Quatre cent trente huit commissions régionales (dont une vingtaine pour le seul district d’Abidjan) viennent compléter ce maillage local, chapeauté par une commission centrale de 31 personnes. La plupart des institutions (présidence, assemblée nationale, ministères…) et tous les partis politiques sont représentés dans ce dernier organe.
Encore au-dessus se trouve le bureau exécutif. Jusqu’à la dissolution décidée par Laurent Gbagbo le 12 février, il était composé de 12 membres divisés en trois camps politiques distinct : les pro-Gbagbo, les Forces nouvelles et l’opposition.

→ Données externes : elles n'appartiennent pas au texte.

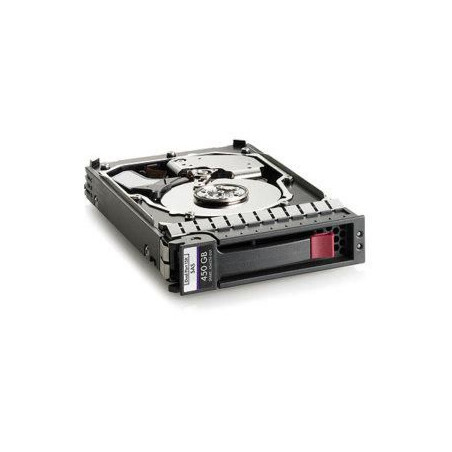 450GB 15.000Rpm SAS 3.5" DP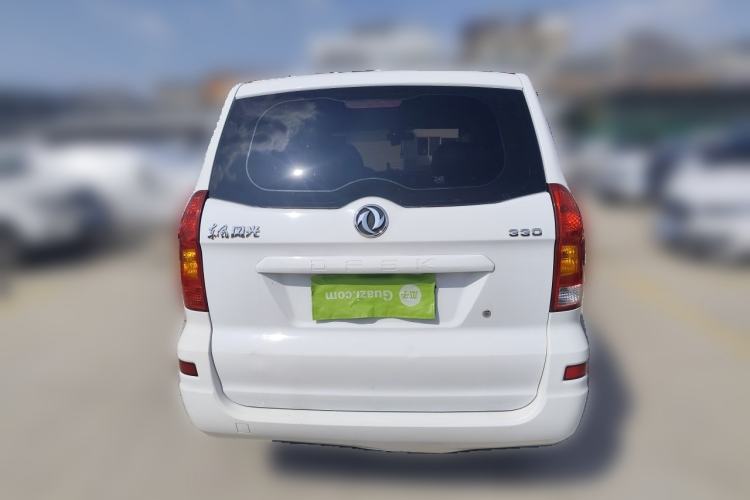 Used Dongfeng Fengon 330 2014 1.3L Manual Utility Version DK13-07 Rear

Composition de l’ancien bureau exécutif de la CEI
La CEI est censée conduire à terme l’un des processus électoraux les plus chers du monde. A l’été 2009, Jeune Afrique avait estimé le coût du processus électoral à 200 milliards de Francs CFA depuis 2005, soit plus de 66 dollars par électeur. Depuis, les retards ont encore alourdi l’ardoise, qui doit être réglée par les bailleurs de fonds et un Etat ivoirien pas toujours régulier dans ses paiements.
L’explosive question du contentieux
Ce coût astronomique s’explique notamment par la nécessité de mener une identification de la population afin de déterminer qui est apte à voter.
Si cette phase – le plus gros du travail – est achevée depuis juin 2009, reste à régler l’épineux problème du contentieux. L’identification a en effet laissé un million de cas « litigieux » derrière elle. Le recoupement avec les fichiers administratifs existants (état civil, listes électorales précédentes…) n’a pas permis de déterminer la nationalité de ces personnes.
Pour obtenir leur inscription sur les listes électorales, elles doivent donc prouver, par voie administrative ou judiciaire, qu’elles sont bien ivoiriennes.
D’après le Front populaire ivoirien (FPI, parti du président Laurent Gbagbo), l’ex-président de la CEI, Robert Beugré Mambé, aurait tenté de contourner cette procédure pour 429 000 personnes.
Ce membre du Parti démocratique de Côte d’Ivoire (PDCI, opposition) est accusé d’avoir voulu ainsi favoriser l’opposition lors du scrutin à venir, en manipulant les cas litigieux.
Doutant de la nationalité de certains inscrits, le camp Gbagbo a de son côté réclamé la radiation des noms en question auprès de la justice. Cette méthode, qui n’était pas non plus prévue dans les accords, a encore accentué la crise politique.
Quel nouveau visage pour la CEI ?
A ce stade, le problème est donc gelé mais loin d’être réglé. Après les négociations en présence du médiateur burkinabè Blaise Compaoré, le 22 février à Abidjan, il semble que l’ossature de la nouvelle CEI sera conservée. Seuls les titulaires des postes clés – vraisemblablement le président et les quatre vice-présidents – doivent être remplacés.
La liste des problèmes qui ressurgiront, aussitôt la nouvelle CEI formée, ne sera pas facile à gérer pour le prochain président. En réalité, la difficulté à manœuvrer la CEI n’a d’égal que l’importance de ses enjeux.
Comme l’a montré l’obstination de son ex-président, Robert Beugré Mambé, à se maintenir à sa tête, chaque camp va continuer à se battre pour la diriger.